Discussion in 'Processors, Motherboards & Memory' started by sapit, Dec 13, 2012.

  1. sapit

    sapit Newbie

    Hi,

    Can one of you CPU experts explain something please?

    We have upgraded our hardware and thus CPU from a Quad-Core Intel Xeon Processor X5460 3.16 GHz to an AMD Opteron 6276, 2.30 GHz.

    However, the performance of some tasks has decreased - Response times have doubled.

    When we can only use one core (i.e. single-threaded application), do we then drop in processing power of the core, as the core frequency is lower? I bet it's no as simple as that but some guidance would be a great help.

    Thanks!
     
  2. Adrian Wong

    Adrian Wong Da Boss Staff Member

    The AMD Opteron 6276 supports Turbo Core. If less than 8 cores are active, the CPU will actually ramp up the clock speed from 2.3 GHz to 3.2 GHz.

    The faster performance of the Intel Xeon system can be explained if you were using a motherboard with the Intel 5400 chipset.

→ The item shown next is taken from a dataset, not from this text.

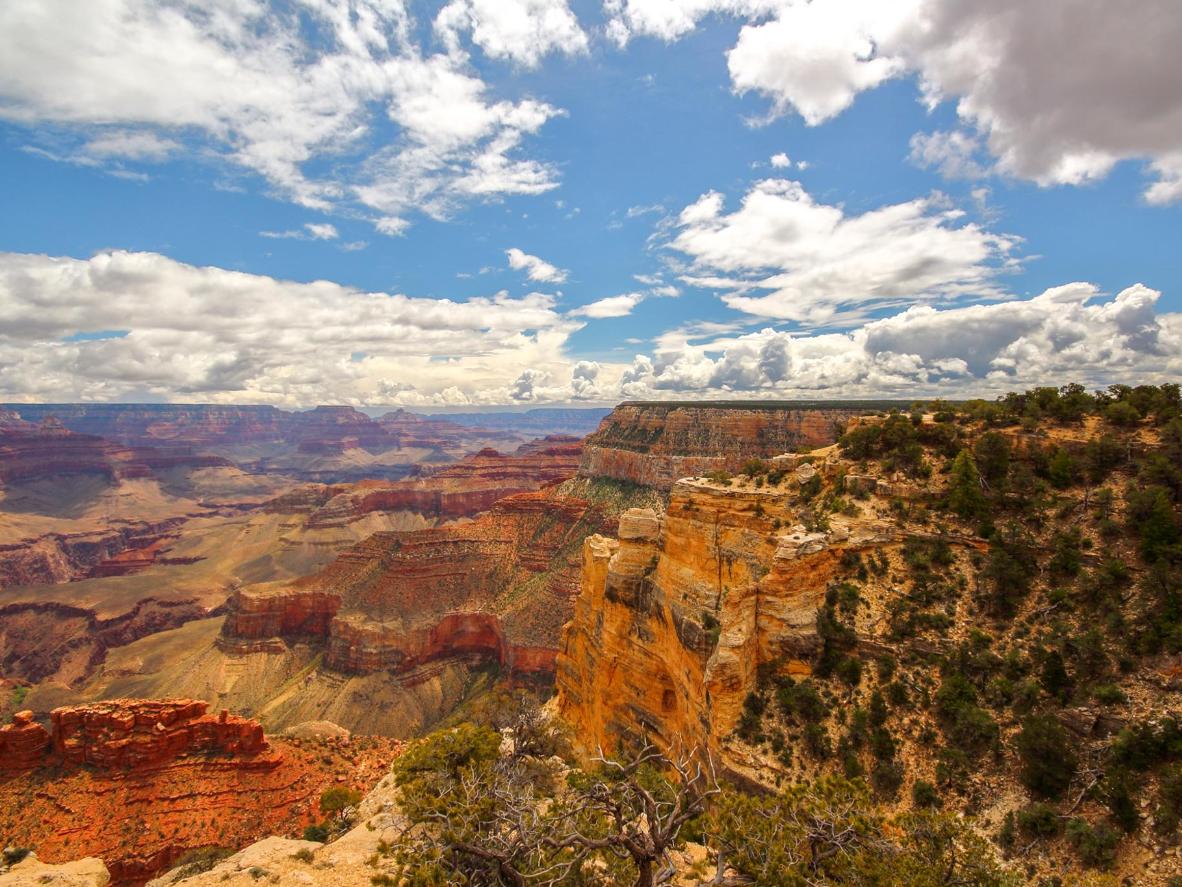 Grand Canyon National Park. Image credit: Rudi Bongers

That chipset allows for four memory channels, which greatly increases the amount of bandwidth delivered to the CPU.
     
    1 person likes this.
  3. Chai

    Chai Administrator Staff Member

    Opteron is not necessarily an upgrade unless you need multithreaded performance. X5460 might be old, but it is very closely matched with current top of the line consumer processors, which is very impressive.

    In single threaded performance, X5460 should have the edge.
     
    1 person likes this.
  4. Trinity

    Trinity Little Kiki Staff Member

  5. ZuePhok

    ZuePhok Just Started

    Core is still pretty solid even up to these days. unless of course your application is very sensitive to memory performance(latency






    clock for clock, core is more efficient than opteron in non DB applications. what you have is a core that's 800 mhz faster than the 6276 so I doubt there is anything wrong with your setup.

    nehalem beats the hell out of opteron in everything else.